Discrepancies in Testing

Students Ace State Tests, but Earn D's From U.S. - New York Times
A comparison of state test results against the latest National Assessment of Educational Progress, a federal test mandated by the No Child Left Behind law, shows that wide discrepancies between the state and federal findings were commonplace.

In Mississippi, 89 percent of fourth graders performed at or above proficiency on state reading tests, while only 18 percent of fourth graders demonstrated proficiency on the federal test. Oklahoma, North Carolina, Alabama, Georgia, Alaska, Texas and more than a dozen other states all showed students doing far better on their own reading and math tests than on the federal one.

Of course, one possibile 'explanation' is that tests ultimately measure only one thing, which is the ability of the student to take that particular test. With ability to take tests in general coming a distant second. Actual level of skill, knowledge and/or aptitude are only hinted at, partly because it is very difficult to determine what counts as an example of the deeper faculties and partly because it is too easy to simply teach towards a test, in which case a high score could indicate a narrowness of knowledge rather than its general breadth.

Other educators and experts give different reasons for the discrepancy between state and federal test results.

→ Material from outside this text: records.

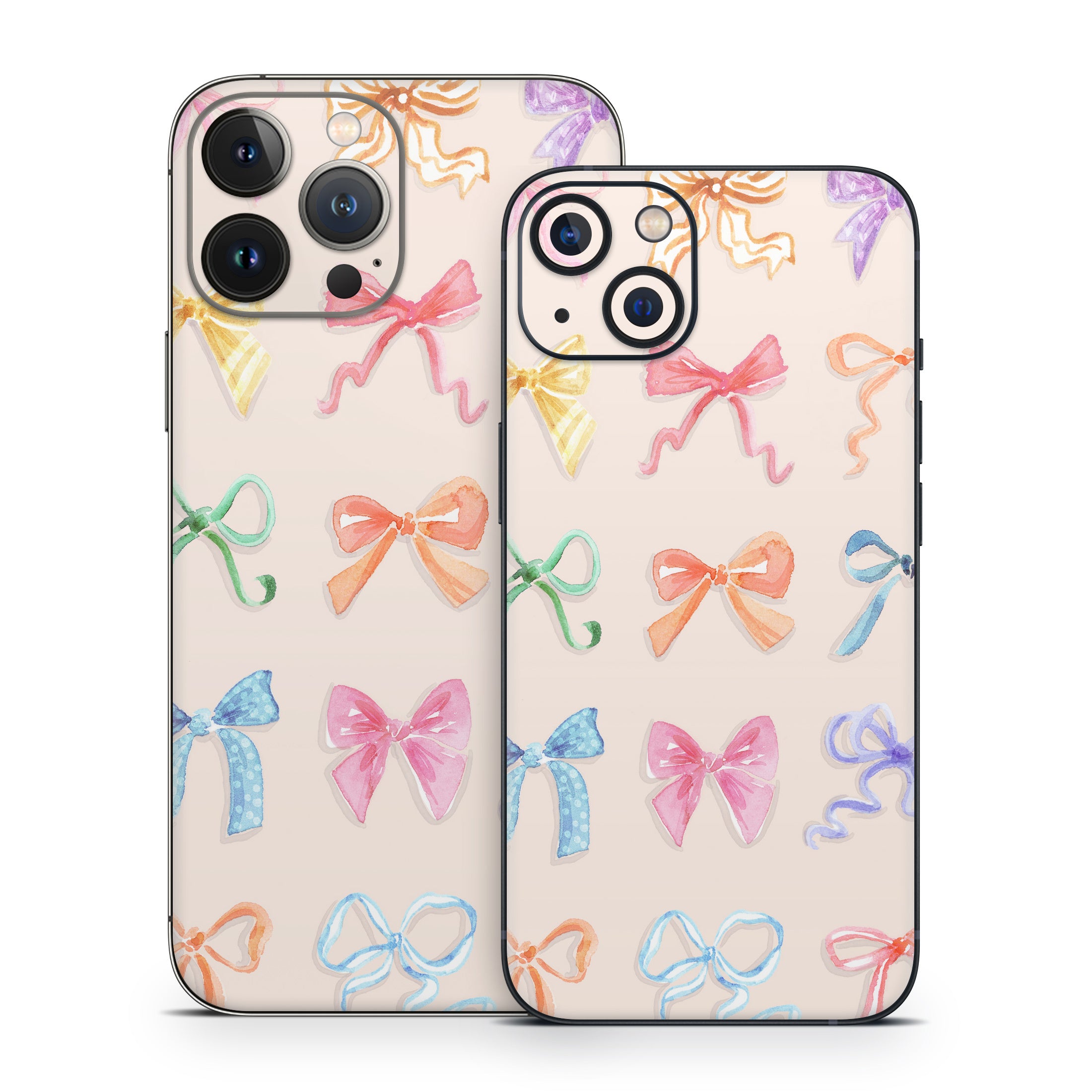 Rainbow Bows - Apple iPhone 13 Skin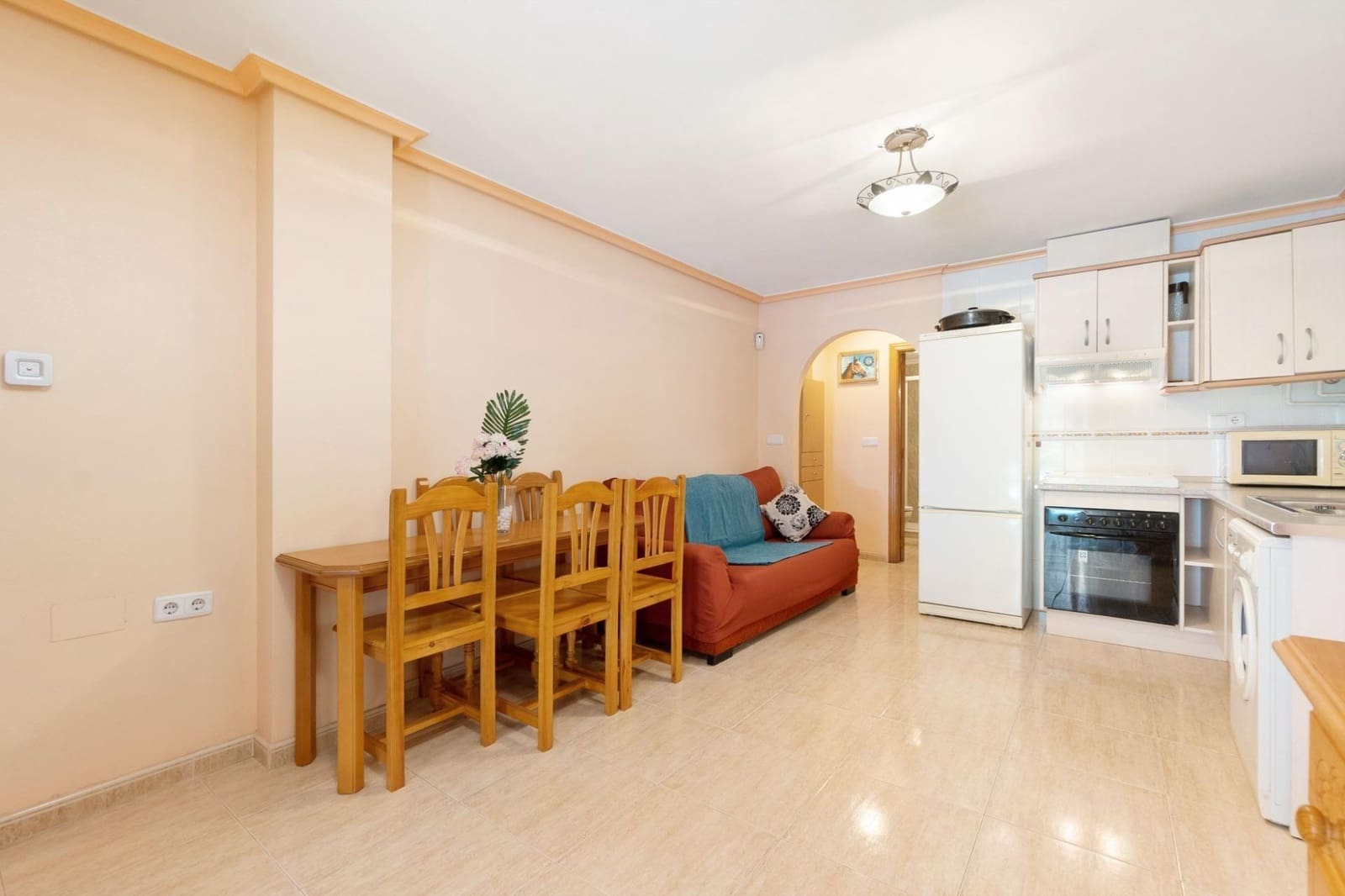 3 quarto Apartamento para venda em Torrevieja com garagem - 132 000 € (Ref: 8710342)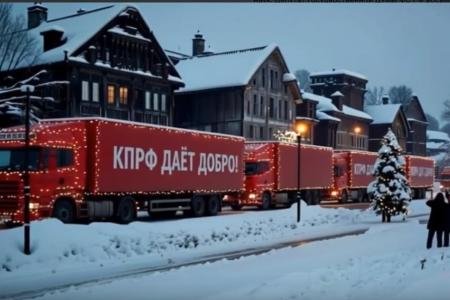 Новогодняя история: КПРФ дает добро!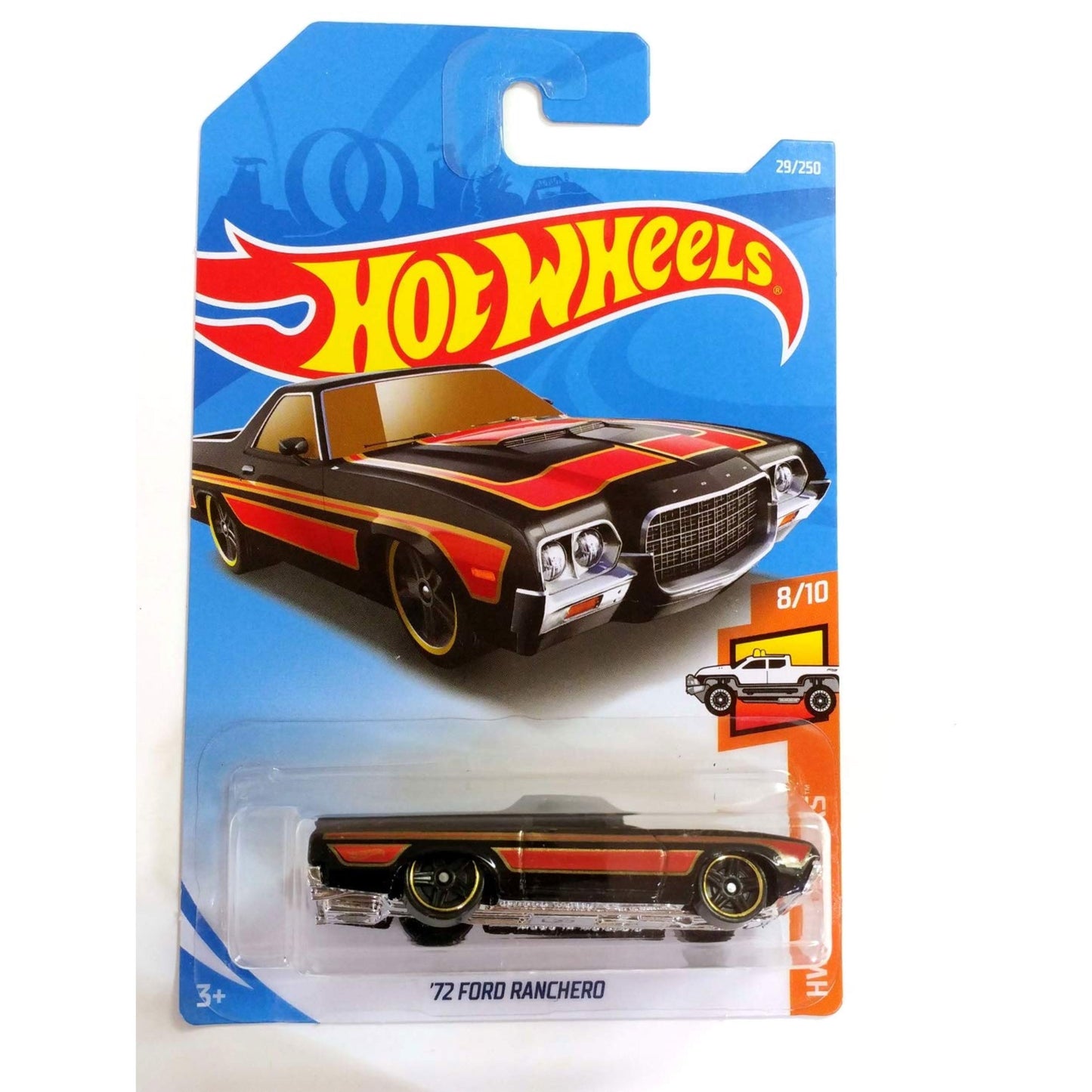 Hot Wheels American Power 1:64 Diecast Assorted (Ford, Chevy, Dodge, Mustang, Corvette, GMC, Jeep, Merc, Camaro)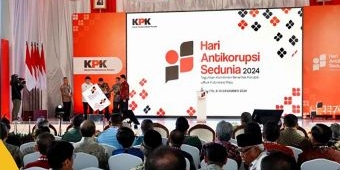 Menteri ATR/BPN Hadiri Puncak Hakordia 2024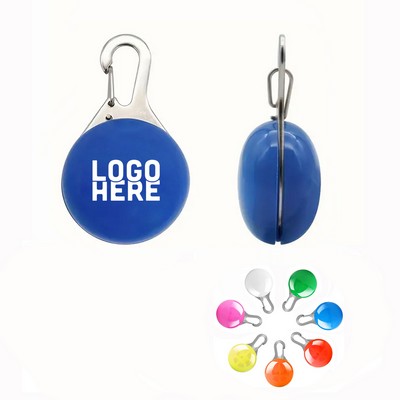 LED Light Up Pet Collar Pendants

A Standard & Poor's report this fall listed many reasons for such differences, among them that the National Assessment is a no-stakes test, while low scores on state tests lead to sanctions against schools.

The report noted that the National Assessment is given to a sampling of students, whereas schools administer state tests to nearly all students. The tests serve different purposes, with the federal one giving policy makers a snapshot of student performance across the nation, while state tests provide data about individual performance. Because of these differences, some state officials say it is unfair to compare the test results.

But the report by Standard & Poor's, which has a division that analyzes educational data, also noted some states' tests are just easier.

These could of course be more immediately valid reasons for the discrepancies but their validity doesn't necessarily invalidate my more general point about testing.